Perhaps it would help, given recent events in U.S. politics, to review the rationale for U.S. security commitments to allies in Europe and the Far East.
The 20th century taught that our national security is inconsistent with the hegemony of a hostile power over either of those strategic regions. Preventing that might be expensive, but doing so collectively, through U.S.-led transpacific and transatlantic political-military structures, is affordable and far more cost-effective than isolationist or unilateral alternatives.
What's held these alliances together over the past seven decades or so has not been U.S. nuclear weapons or conventional might, or U.S. money, but U.S. political consensus - a shared belief across our society that the benefits of the U.S.-Japan defense treaty, the North Atlantic Treaty Organization, U.S. bases in Korea and other institutions outweigh the costs and risks.
That consensus represented a profound development for a country whose first president declared that "it is our true policy to steer clear of permanent alliance with any portion of the foreign world." But without it, the United States could neither have made long-term commitments nor had them taken seriously by both allies and enemies.
Today, the case for those alliances remains valid, given the aggressive postures of both Russia and China, and the threat of terrorism.
Yet the U.S. political consensus on which they ultimately rest is eroding - to the point where a major-party candidate for president finds it advantageous not to assuage public ambivalence about collective security, but to weaponize it, politically.
Republican Donald Trump's disparagement of U.S. alliances as one-sided "deals" that benefit wealthy free-riding allies, coupled with his equally blithe apologia for Russian strongman Vladimir Putin, is therefore no ordinary campaign tempest, but a historic event.
Perhaps something like this was bound to happen, even if leaders in the United States, Europe and Japan had done a perfect job managing collective security threats in recent years. Nothing lasts forever, political institutions least of all, and in the life of alliances, 67 years - NATO's age - is ancient.
Even at the height of the Cold War, 1976 Democratic presidential nominee Jimmy Carter pledged to pull U.S. troops out of South Korea, though he reneged as president. As that episode shows, foreign policy "retrenchment" is a recurring American temptation; it is especially so now, after years of war and economic underperformance. It certainly didn't help when President Barack Obama, generally a multilateralist, let slip his frustration with allied "free riders" to the Atlantic's Jeffrey Goldberg.
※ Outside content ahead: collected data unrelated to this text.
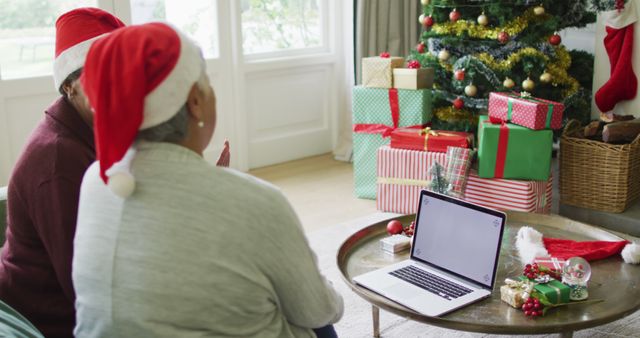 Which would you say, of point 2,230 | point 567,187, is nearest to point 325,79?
point 567,187

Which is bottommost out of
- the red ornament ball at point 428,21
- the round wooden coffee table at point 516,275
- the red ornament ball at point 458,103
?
the round wooden coffee table at point 516,275

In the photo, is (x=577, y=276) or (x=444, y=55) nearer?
(x=577, y=276)

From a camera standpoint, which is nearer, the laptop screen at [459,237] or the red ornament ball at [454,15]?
the laptop screen at [459,237]

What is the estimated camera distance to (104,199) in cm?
123

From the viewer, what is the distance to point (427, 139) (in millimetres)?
3648

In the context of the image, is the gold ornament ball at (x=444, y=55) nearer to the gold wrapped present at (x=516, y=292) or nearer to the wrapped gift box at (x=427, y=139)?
the wrapped gift box at (x=427, y=139)

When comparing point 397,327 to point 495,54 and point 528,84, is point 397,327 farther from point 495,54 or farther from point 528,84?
point 495,54

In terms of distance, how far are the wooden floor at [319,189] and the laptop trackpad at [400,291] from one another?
159 centimetres

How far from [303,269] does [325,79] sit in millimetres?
3866

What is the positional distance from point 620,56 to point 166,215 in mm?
3221

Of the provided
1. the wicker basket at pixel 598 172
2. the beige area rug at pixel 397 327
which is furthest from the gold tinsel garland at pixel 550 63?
the beige area rug at pixel 397 327

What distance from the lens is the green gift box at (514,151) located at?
333 centimetres

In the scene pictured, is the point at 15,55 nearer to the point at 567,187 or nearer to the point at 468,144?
the point at 468,144

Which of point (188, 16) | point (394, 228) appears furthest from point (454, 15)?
point (394, 228)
None of that reduces the radicalism, or the destabilizing potential, of Trump's attacks on long-standing U.S. security doctrine.
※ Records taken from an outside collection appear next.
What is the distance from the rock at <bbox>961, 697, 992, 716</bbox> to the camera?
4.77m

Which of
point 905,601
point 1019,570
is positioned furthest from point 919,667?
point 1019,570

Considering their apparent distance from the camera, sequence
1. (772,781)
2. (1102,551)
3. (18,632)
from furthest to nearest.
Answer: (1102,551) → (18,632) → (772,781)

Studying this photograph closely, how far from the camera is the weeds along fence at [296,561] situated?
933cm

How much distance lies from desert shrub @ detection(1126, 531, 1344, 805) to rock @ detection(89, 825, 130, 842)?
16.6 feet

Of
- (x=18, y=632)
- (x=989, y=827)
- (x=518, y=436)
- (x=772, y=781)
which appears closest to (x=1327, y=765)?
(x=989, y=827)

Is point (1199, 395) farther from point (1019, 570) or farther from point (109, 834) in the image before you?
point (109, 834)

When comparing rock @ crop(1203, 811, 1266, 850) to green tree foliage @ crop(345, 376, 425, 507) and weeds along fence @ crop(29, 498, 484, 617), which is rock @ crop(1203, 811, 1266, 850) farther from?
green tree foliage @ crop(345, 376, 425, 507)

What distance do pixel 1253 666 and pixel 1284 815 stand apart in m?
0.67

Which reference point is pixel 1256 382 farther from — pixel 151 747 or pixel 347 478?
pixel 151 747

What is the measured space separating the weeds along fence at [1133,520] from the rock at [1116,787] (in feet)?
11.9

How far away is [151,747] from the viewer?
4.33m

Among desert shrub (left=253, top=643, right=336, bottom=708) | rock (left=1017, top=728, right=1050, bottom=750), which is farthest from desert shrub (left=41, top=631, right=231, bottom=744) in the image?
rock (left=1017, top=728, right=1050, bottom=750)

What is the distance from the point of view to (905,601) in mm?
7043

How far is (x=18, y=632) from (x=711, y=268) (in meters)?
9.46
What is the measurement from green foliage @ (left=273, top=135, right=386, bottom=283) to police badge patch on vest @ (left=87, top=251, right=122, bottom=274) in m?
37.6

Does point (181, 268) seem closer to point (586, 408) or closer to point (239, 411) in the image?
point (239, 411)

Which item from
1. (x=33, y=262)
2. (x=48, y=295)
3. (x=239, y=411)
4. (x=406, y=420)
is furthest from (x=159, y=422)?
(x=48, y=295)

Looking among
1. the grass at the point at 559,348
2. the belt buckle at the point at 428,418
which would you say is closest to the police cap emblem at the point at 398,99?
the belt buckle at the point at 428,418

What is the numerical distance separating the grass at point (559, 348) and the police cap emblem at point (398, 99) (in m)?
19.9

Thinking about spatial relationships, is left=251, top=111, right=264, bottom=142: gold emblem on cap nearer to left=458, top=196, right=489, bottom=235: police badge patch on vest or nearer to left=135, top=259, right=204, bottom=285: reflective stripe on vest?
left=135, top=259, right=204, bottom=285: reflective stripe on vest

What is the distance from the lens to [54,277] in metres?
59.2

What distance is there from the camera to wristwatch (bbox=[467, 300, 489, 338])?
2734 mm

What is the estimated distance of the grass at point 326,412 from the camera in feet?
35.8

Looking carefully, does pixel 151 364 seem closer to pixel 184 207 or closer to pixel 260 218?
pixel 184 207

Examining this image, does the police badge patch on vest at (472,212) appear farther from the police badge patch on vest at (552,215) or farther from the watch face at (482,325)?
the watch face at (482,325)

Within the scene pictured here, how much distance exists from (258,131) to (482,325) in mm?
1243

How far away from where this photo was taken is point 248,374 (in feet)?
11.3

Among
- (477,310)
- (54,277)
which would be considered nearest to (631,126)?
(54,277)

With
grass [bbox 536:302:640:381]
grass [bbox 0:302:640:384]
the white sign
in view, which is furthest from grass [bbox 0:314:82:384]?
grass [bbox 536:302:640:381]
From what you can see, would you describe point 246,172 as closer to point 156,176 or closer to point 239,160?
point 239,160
To the contrary, Trump's success might encourage more politicians to put U.S. alliances in play as a domestic issue, within both parties, whether he wins the White House or not.
A mere 49 percent of Americans have a favorable view of NATO, according to a 2015 Pew Research Center survey; only Spaniards were less enthusiastic among NATO- member publics. Majorities of both Democrats and Republicans support Trump's view that Germany should do more for the alliance, militarily. As for Asia, 64 percent of Americans favor keeping the U.S. military presence at current levels, according to a 2015 Chicago Council on Foreign Relations survey; yet fully 22 percent want to decrease it, despite threats from North Korea and China.
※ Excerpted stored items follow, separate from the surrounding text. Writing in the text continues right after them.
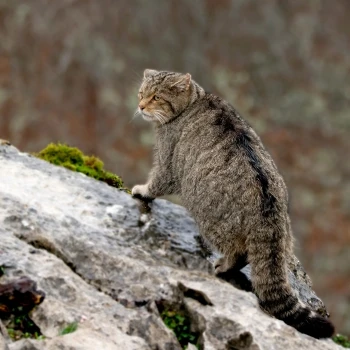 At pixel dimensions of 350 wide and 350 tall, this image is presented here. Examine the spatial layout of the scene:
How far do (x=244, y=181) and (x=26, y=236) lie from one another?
2157 mm

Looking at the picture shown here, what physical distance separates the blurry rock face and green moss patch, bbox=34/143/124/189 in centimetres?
164

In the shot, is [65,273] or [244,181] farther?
[244,181]

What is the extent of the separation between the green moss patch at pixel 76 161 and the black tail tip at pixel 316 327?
11.8 feet

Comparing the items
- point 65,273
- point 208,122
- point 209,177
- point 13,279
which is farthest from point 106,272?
point 208,122

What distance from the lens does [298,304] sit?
26.6 ft

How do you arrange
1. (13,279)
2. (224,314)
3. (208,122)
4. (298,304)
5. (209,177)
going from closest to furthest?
(13,279) < (224,314) < (298,304) < (209,177) < (208,122)

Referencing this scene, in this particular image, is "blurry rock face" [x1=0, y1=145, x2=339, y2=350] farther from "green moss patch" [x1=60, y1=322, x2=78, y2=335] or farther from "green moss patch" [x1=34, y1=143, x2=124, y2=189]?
"green moss patch" [x1=34, y1=143, x2=124, y2=189]

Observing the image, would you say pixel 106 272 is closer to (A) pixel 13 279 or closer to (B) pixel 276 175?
(A) pixel 13 279

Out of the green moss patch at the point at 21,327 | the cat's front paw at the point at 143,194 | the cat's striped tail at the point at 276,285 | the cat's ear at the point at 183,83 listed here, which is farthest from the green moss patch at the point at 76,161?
the green moss patch at the point at 21,327

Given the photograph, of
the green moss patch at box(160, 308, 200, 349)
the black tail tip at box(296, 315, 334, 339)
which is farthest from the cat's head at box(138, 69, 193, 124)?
the black tail tip at box(296, 315, 334, 339)

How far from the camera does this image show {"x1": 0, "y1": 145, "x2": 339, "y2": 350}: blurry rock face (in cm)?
713

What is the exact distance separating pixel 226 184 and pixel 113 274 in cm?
153

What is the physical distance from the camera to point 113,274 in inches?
307

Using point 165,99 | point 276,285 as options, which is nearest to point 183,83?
point 165,99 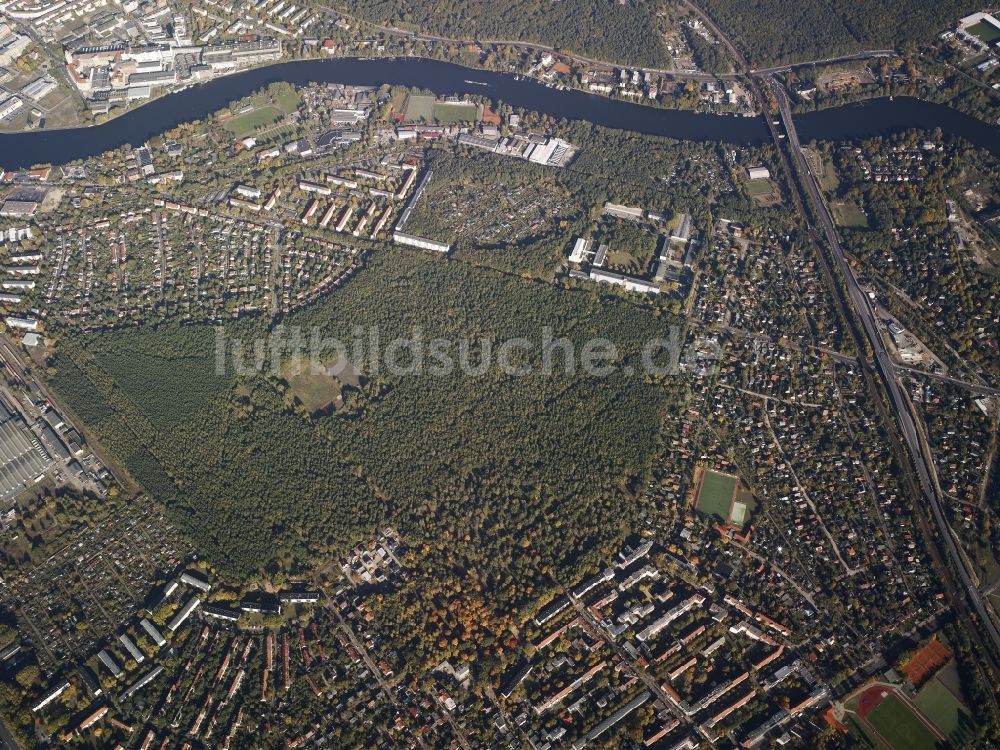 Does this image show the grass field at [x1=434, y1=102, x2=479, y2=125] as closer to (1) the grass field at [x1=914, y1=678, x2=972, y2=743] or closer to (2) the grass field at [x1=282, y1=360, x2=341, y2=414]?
(2) the grass field at [x1=282, y1=360, x2=341, y2=414]

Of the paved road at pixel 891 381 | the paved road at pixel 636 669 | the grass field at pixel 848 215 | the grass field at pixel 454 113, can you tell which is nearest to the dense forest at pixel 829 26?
the paved road at pixel 891 381

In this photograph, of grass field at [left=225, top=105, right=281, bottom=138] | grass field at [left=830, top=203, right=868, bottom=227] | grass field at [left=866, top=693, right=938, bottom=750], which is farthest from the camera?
grass field at [left=225, top=105, right=281, bottom=138]

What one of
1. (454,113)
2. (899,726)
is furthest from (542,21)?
(899,726)

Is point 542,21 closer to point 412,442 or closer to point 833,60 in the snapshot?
point 833,60

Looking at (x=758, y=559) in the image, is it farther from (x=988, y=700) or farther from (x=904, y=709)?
(x=988, y=700)

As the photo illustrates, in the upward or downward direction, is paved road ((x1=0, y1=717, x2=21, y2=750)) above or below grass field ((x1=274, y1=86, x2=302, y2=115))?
below

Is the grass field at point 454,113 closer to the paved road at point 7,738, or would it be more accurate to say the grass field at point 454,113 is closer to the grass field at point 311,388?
the grass field at point 311,388

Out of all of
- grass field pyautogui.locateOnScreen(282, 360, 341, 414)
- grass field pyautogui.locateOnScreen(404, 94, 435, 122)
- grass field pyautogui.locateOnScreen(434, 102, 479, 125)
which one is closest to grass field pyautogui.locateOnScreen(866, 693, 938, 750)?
grass field pyautogui.locateOnScreen(282, 360, 341, 414)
To be sure, the 2016 Democratic nominee is an internationalist former secretary of state whose husband, as president, began NATO's eastward expansion. Hillary Clinton undoubtedly subscribes to the 2016 Democratic platform's unequivocal pledges to stand by NATO and "deepen" alliances in Asia.
Yet her party's left wing is ascendant, with a long history of Trump-like skepticism toward U.S. alliances.
"Years after the Soviet threat has disappeared, we continue to provide European and Asian nations with military protection through our nuclear umbrella and the troops stationed in our overseas military bases," more than 50 Democratic members of Congress complained in a 2010 open letter. "Given the relative wealth of these countries, we should examine the extent of this burden that we continue to shoulder on our own dime."
Bernie Sanders was already on record, in 1997, against "wasting tens of billions of dollars helping to defend Europe." Running for commander in chief as the tribune of America's rising generations in 2016, he pointedly declined to repudiate those words.
And, of course, Clinton, under pressure from Trump and Sanders, has abandoned the Trans-Pacific Partnership trade agreement, whose significance had as much to do with cementing strategic ties with Japan as with economics.
Like those of free trade, collective security's benefits are diffuse and intangible (the absence, or limitation, of war) while its costs (dollars or, yes, lives) are concentrated and concrete. Populist backlash, accordingly, was always a latent vulnerability. Now the genie is out of the bottle.